Products are no longer made in batches and pushed to customers. Now they are integrated with services to form unique value offers made-to-order in part through customer feedback.

They're in control now, Scooter
The promotional monologue of advertising at your largess and under your conditions is being replaced by dialogue at the customer's convenience. (Go here to see why we believe this is happening.)

And in case you've been visiting Anne Heche in some parallel universe somewhere and haven't noticed, even your old marketplace is being supplemented, and in some cases, replaced with a "market space" where customers determine the time, place and conditions of doing business. (Check out "The Web changes everything, the Web changes nothing" and "Products are bought, not sold" in the Change section for more information on this fundamental shift in how goods and services are exchanged.)

You're in a new place now
We happen to think it's a better place. But whether it's a better place or just a different place, it's your place now, Bucky. You're in it whether you want to be or not.

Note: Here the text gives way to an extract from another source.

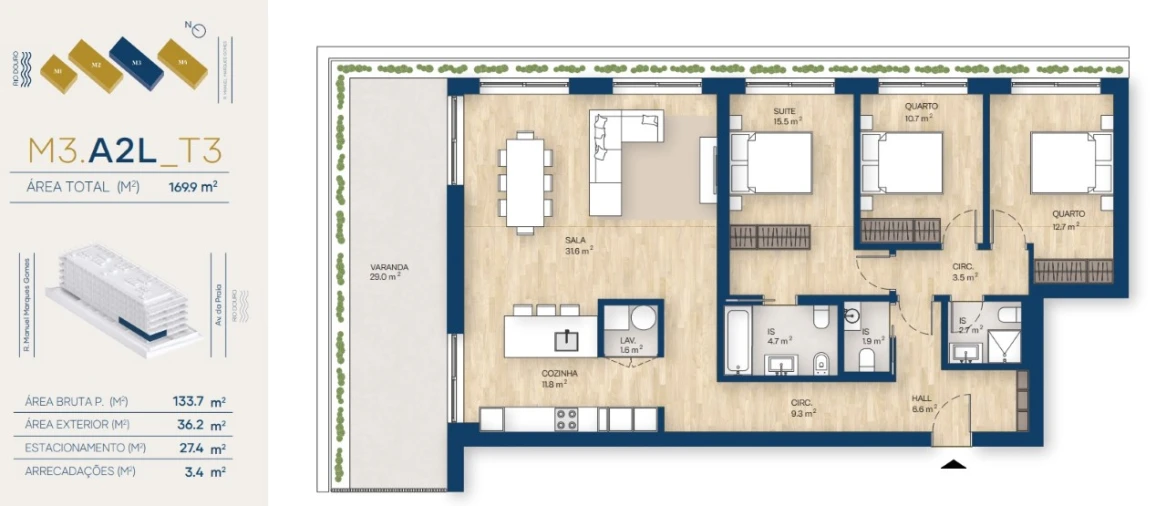 Apartamento T1 para Venda em Santa Marinha e São Pedro da Afurada Planta 2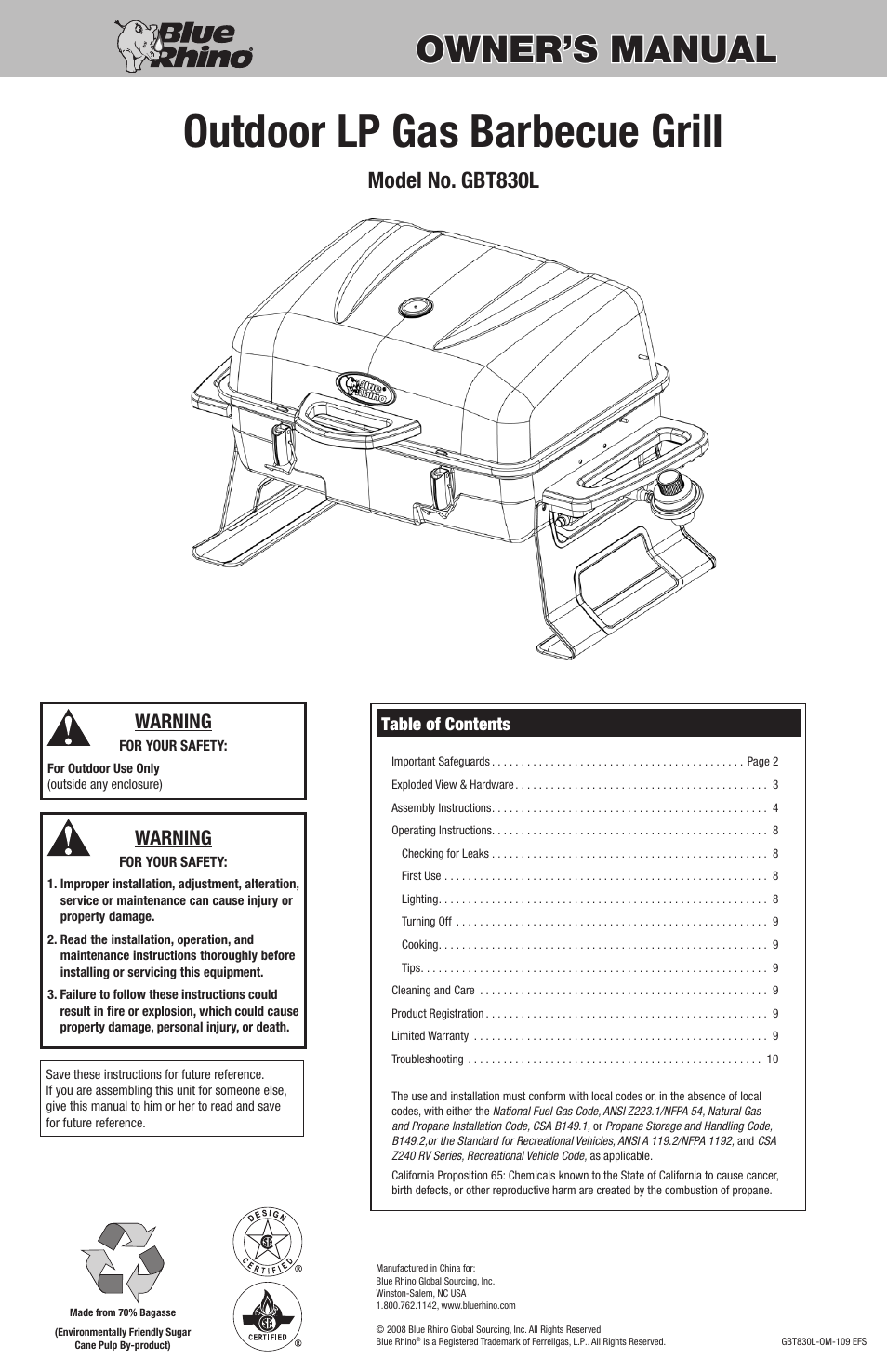 Blue Rhino Outdoor LP Gas Barbecue Grill GBT830L User Manual | 32 pages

And in this new place, if you're as deeply entrenched in the "4 P's" paradigm as Rush Limbaugh in a hammock, you've got a problem.

For one thing, it's probably forcing you to consider the communications process complete when a prospect makes a purchase. Under the old "4 Ps" model, at that point the new customer returns to being lumped back into a market demographic or segment of the market. And the marketing process begins again.

Conventions don't work here
Neither of those conventions works anymore.

Once a company makes a purchase from you they are no longer part of the market. They are your customers.

And we believe you need to treat them differently than you do the market. And you need to communicate with them differently.

In fact, the communications imperative should shift to migrating them along a relationship path that moves them from a buyer to a brand advocate.

Become a migrator
To do that, you'll have to plan and integrate your communications to customers in a way that moves them down a migration path to become loyalists or advocates.

In other words, just as prospects need to receive information and incentives (we call them "gooses") to move them through the purchase path from awareness through repurchase, occasional buyers need to be enticed to move them through the retention path to become loyalists and advocates of the brand.

Those enticements include special information, special status, special offers or special membership in a community that they value and to which they can make a contribution. Essentially, they include whatever it takes to make customers advocates.

And that, we believe, requires two things. First, dialogue communications. And second, a totally different perspective on what customers are.

Shift your relationship
Both of these disciplines can help you shift the nature of your relationship from buying and selling to empowering customers around your brand. In other words, helping them do business better. Giving them information, tools and support (much of it emotional) to do their jobs better.

Put in a more philosophical way: "Give someone a fish and they'll eat for a day. Teach someone not to run a bass lure through their testicle and you'll have a deep and abiding relationship with them for the rest of their life."

If you do it right, advocates will not only generate more revenue from their own transactions, but they can be turned into some of your best salespeople. Actually bringing in new prospects and referrals and giving them highly relevant and credible reasons for buying and using your offerings.

Six moves toward hugdom
Hugging your customers is all about building close customer and stakeholder relationships at all levels of the company. Here are six things worth considering in more detail to help you get there.

1. Identify your most important customers based on their current profit (value) contribution and potential lifetime customer value.

2. Develop a plan and system to migrate buyers into loyal customers and advocates.

3. Establish communications vehicles to listen and develop a dialogue with them.

4. Integrate the voice of the customer into the organization.

5. Establish interactive forums for customers who are brand advocates to dialogue with prospects and buyers.

6. Replace the "4 P's" with a new set of marketing guideposts for a new paradigm in business marketing and communications.